45歳はじめての転職 第2話 就職請負人

第2話 就職請負人

いよいよ就職活動に入った。一般に転職するにあたってお世話になるのはヘッドハンターか人材紹介という専門就職斡旋業だ。もちろん、インターネットや新聞の求人欄に応募するというのもある。しかしこれは自分にあう仕事を探すのが大変で効率が悪い。また、一般に年収500万円以上の仕事を希望すればヘッドハンターか人材紹介のご厄介になるだろう。そこで私はこの2つを転職のツールに使うことにした。

ヘッドハンターと人材紹介の違いは何か。ごく簡単に言えば求人ポストのレベルの違いだ。ヘッドハンターはエグゼクティブのポストを対象にしている。もっともその境界線は微妙であるが。

本題に戻ろう。私は色々なつてをたよって10人くらいのヘッドハンターと人材紹介コンサルタントに会った。

就職請負人はそれぞれ個性的な人たちだった。彼らとのやり取りで色々な知識を身につけた。彼らはそれぞれ一匹狼的なので、時として言うことが大きく異なる。彼らの事情もあるのでそれはそれとして割り引かなくてはならない。それを差し引いても生生しいビジネスの現場情報をたくさん持っていて勉強になる。

例えばある紹介会社のコンサルタントはこういった。「まあ、求人リストで企業は10社くらいはエントリーしたほうがいいですね。その中で書類選考を通るのは数社ですから。1つ1つ結果を待っていたらいつまでたっても決まりませんね。」こうなると、この会社に行きたいといった主義主張などあったものではない。ただ、現場の彼らからすればこれはやむをえないかもしれない。彼らは成功報酬が原則だ。つまり、紹介者が入社してはじめて年収の30%くらいをもらうことになる。

一方、あるヘッドハンターは事前に会社側から着手金をもらっていることもあり、会社とのつながりも非常に強い。彼は会社から依頼を受け、その会社のスペックにあった人としか付き合わない。一度紹介することになると選考に3ヶ月以上かかるのもざらなので、何度もやり取りをしながらじっくり付き合うことになる。

散々付き合った後で「会社の都合でこの話はなくなりました」ということもある。気長に考えなくては疲れてしまう。
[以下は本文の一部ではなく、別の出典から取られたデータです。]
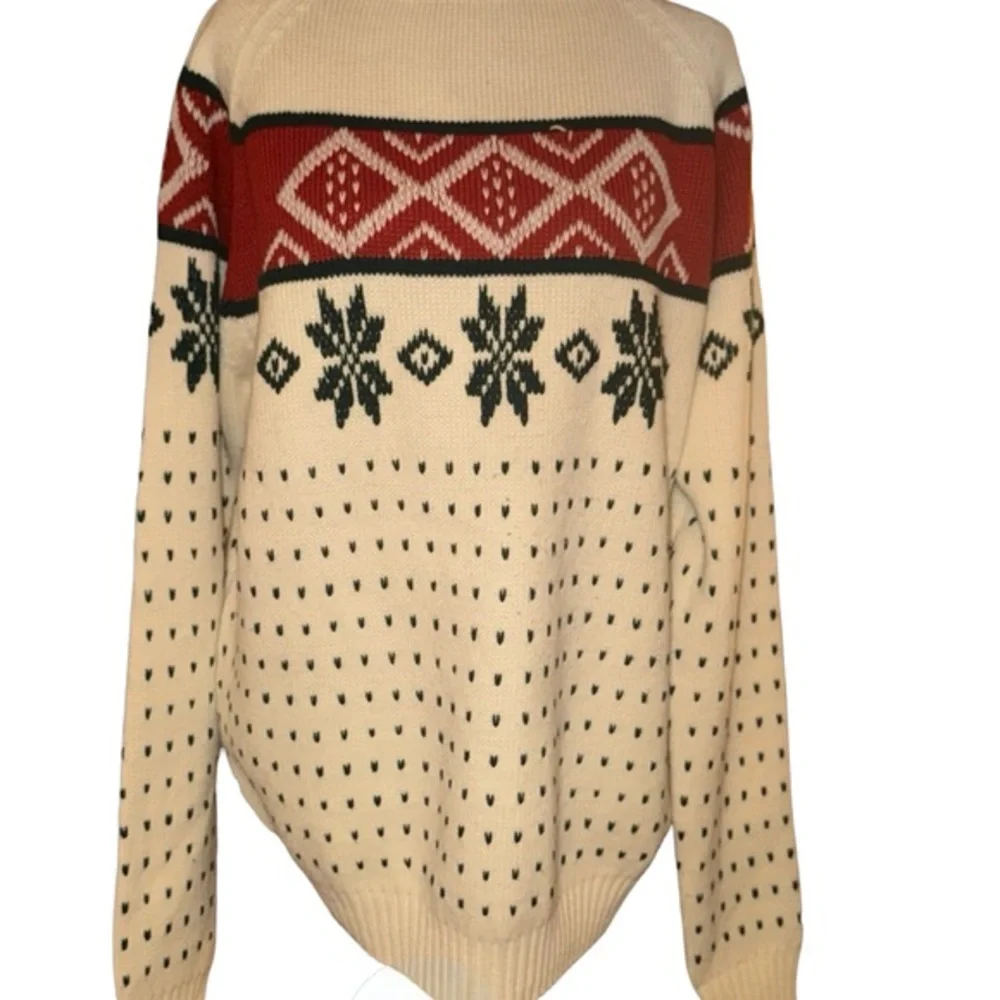 VTG 80s JCPenny Cream green/ Burgundy Geometric Snowflake Knit winter sweater XL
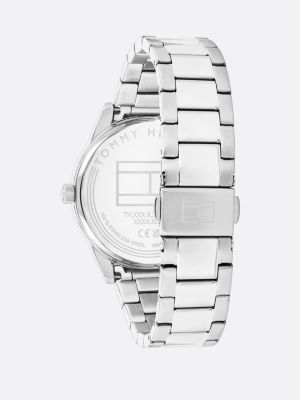 silver rose gold-plated stainless steel watch for women tommy hilfiger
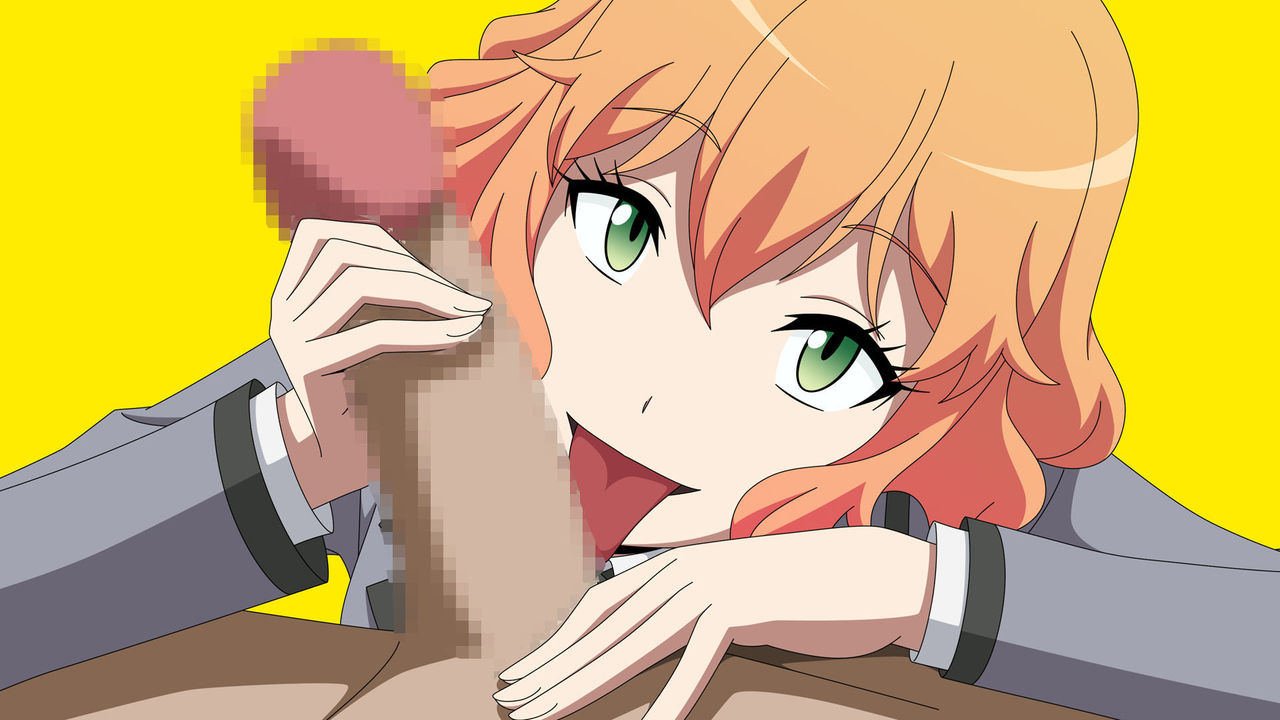 1boy, 1girls, assassination classroom, atelier gons, censored, dark penis, dark-skinned male, female, green eyes, handjob, imminent oral, kurahashi hinano, licking, licking penis, light skin, light-skinned female, male, orange hair, orange-haired female, penis, penis lick, pov, pov eye contact, school uniform, short hair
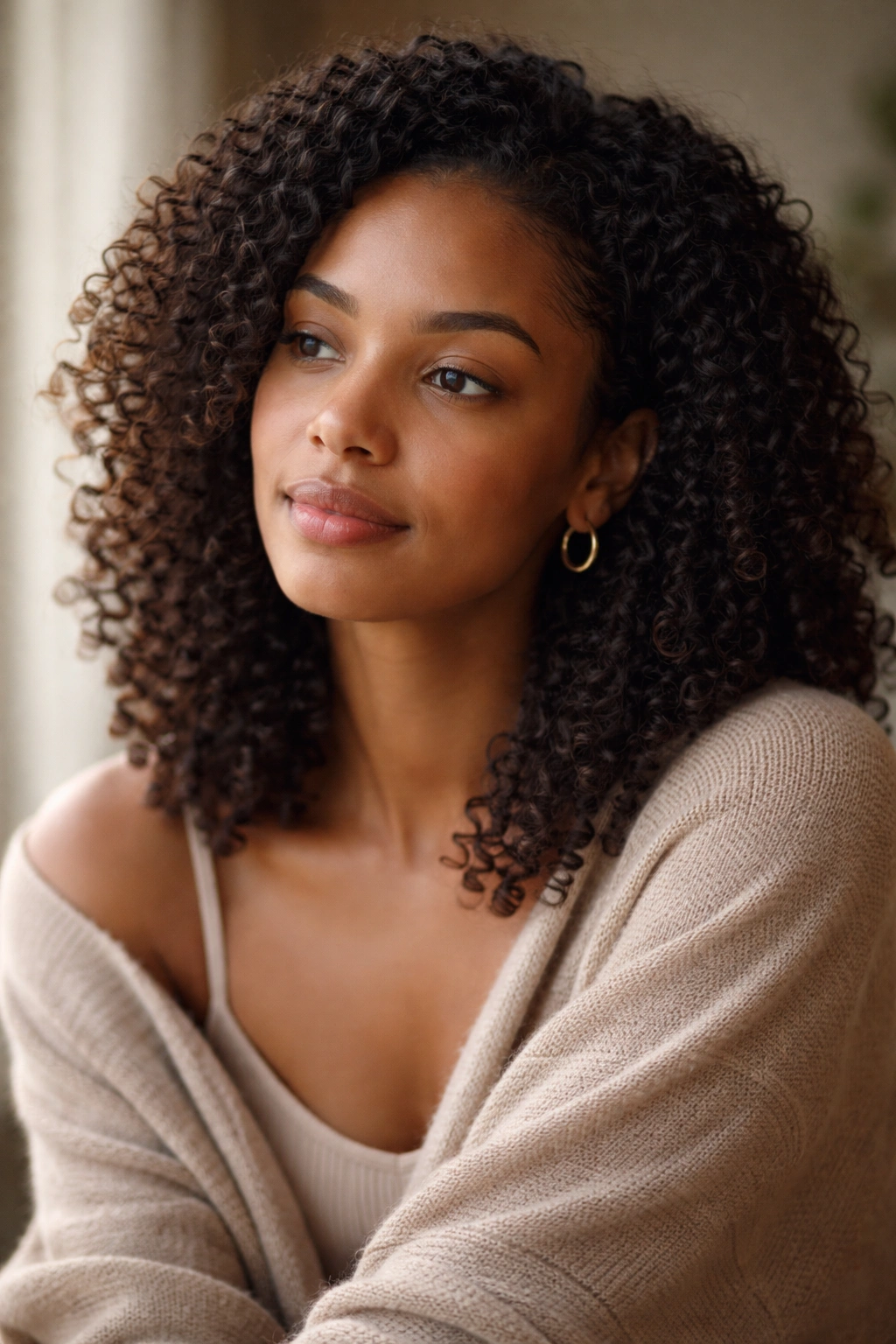 Contemplative portrait of a person with natural curls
ヘッドハンターのスタンスは「今現在も仕事にそこそこ満足していて更に面白い話があれば転職してもよい」くらいの人を相手にするということだ。従ってヘッドハンターと人材紹介コンサルタントは微妙にスタンスが違う。このような違いを理解しないと色々な勘違いがおきる。

もちろん、転職希望者にとって一番大事なのは最終的にはヘッドハンター、人材紹介のどちらであるかではない。もっとも重要な点は、候補者にとって頼りとなる信用のおける人であるかどうかである。この見極めは彼らと付き合っていきながら次第にわかってくるものだ。